# News Scoops not being posted



## BrooklynKnight (Jul 9, 2004)

This is the 3rd time that one of my news scoops werent posted.

Earlier tonight, about half an hour before the news was updated I posted two news items.

One was announcing an Eberron chat i'll be running with Keith Baker and Eberrons 3 other developers.

The other was that Eberrons fan site, news outlet the breland ledger was looking for eberron news scoopers (specifically for eberron stuff). 

The last time I posted about chats I was doing it wasnt posted 2 out of 3 tries.

I can understand the fan site thing not being posted cause maybe its stepping on Enworlds toes as a news outlet (even though its very very niche), but whats the deal?

I've been posting news scoops for almost 2 years, originally scooping SKR and TGM updates. 

Neverbefore have my chat scoops been ignored. Even when posted a week in advance (so people could make the time)...
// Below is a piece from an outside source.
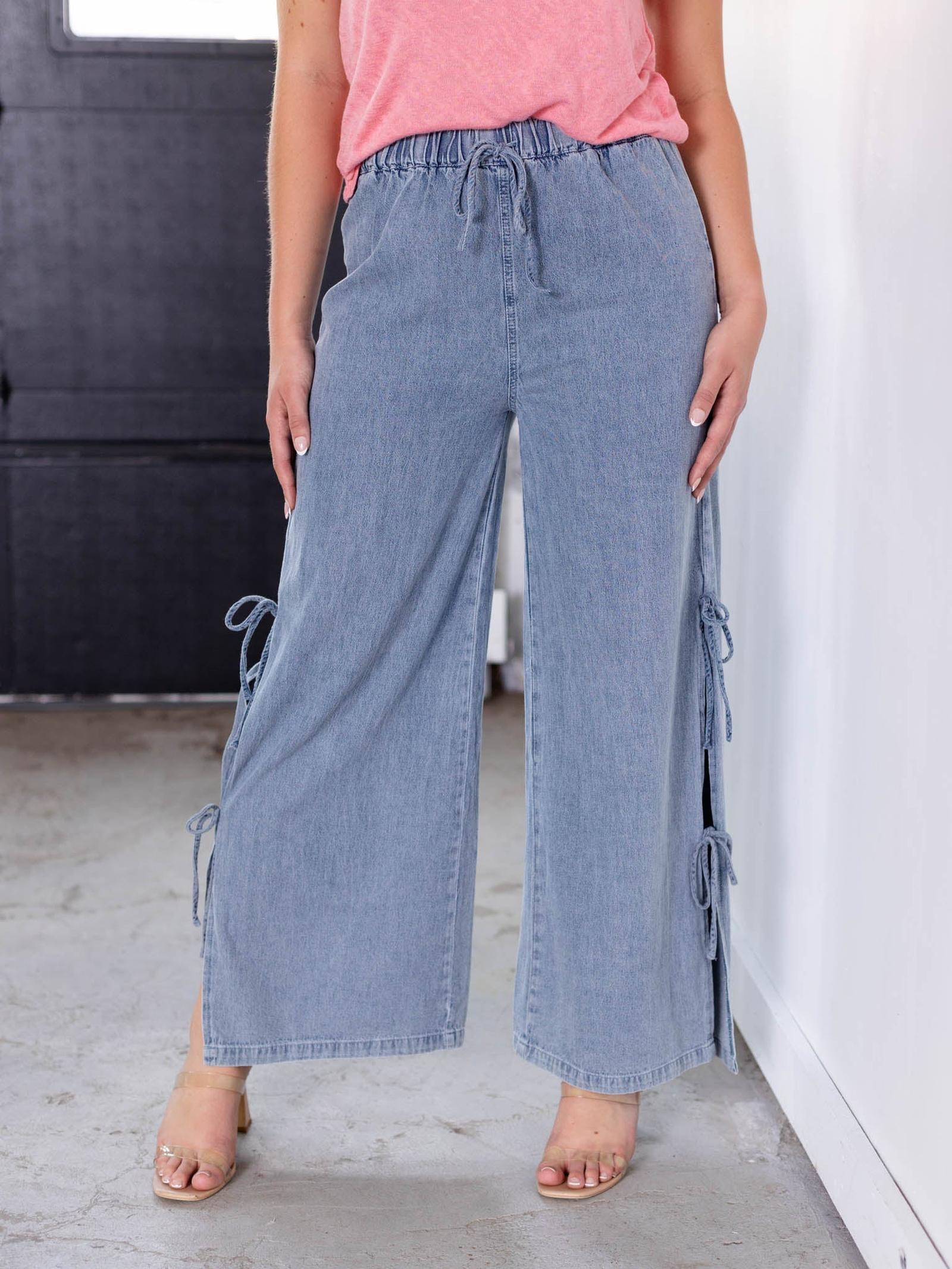 Miou Muse Tie Side Denim Pants | Side Tie Detail | 28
So whats up with that? :-(


----------



## BrooklynKnight (Jul 10, 2004)

I posted the scoop for my chat *again* and it wasnt posted. Whats the deal? Another chat for monte's site got posted but mine hasnt.....


----------



## Michael Morris (Jul 10, 2004)

BK, to be honest you probably should keep things like this to email or PM.


----------



## Citizen Mane (Jul 10, 2004)

I can only speak for myself, but usually when I don't post a scoop, it's because:

1) I've screwed up.  Sometimes one or both of the windows I'm using hang on me, and I can't finish posting; sometimes I delete a post that I didn't mean to delete; sometimes it's something else entirely.  That's the human error aspect of it.

2) Sometimes it's a timing thing.  I've had new posts appear immediately after I post the news, which I don't find out about until the next morning.  I only check the mod panel at night, generally speaking.  I don't know when other folks do.
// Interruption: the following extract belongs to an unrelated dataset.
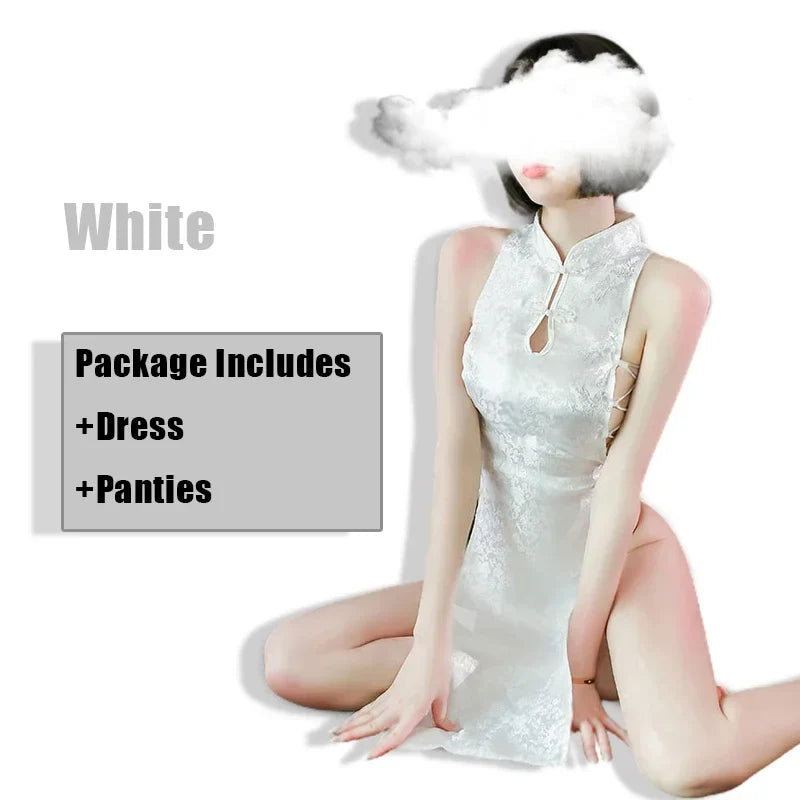 Erotic Black Cheongsam Lingerie - Sexy Anime Cosplay Dress - All Dresses - Costumes - 6 - 2024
3) I have some sort of question for the other hounds, Michael, or Morrus that would delay posting the item.

If you have some news that hasn't been posted, but would like it posted or feel like it got missed, drop me a PM -- I've done this for other folks, and I don't mind doing it -- mind that the normal channels are preferable, as I may be away from my PC for most of a day, but if it's something like this, you can PM me with the text of the item or to ask what's up.  

Nick


----------



## Citizen Mane (Jul 10, 2004)

I don't know what happened with the resubmission from last night, but 2:12 am to 9:32 am isn't a lot of time (for instance, I was asleep last night from 1:00 am to 10:00 am).  In any case, it's up there on the front page now under Site News and has been for a while, I'm guessing, as I didn't post it.

Nick


----------



## BrooklynKnight (Jul 11, 2004)

I posted that twice, once about 2 and a half days ago, along with another scoop from the breland ledger, and then again this early morning. Initially it didnt appear, but a few hours ago it did.


----------



## Citizen Mane (Jul 11, 2004)

Got it.  No worries.  Just drop me a PM if it happens again.

Nick


----------



## BrooklynKnight (Jul 11, 2004)

alright thanks


----------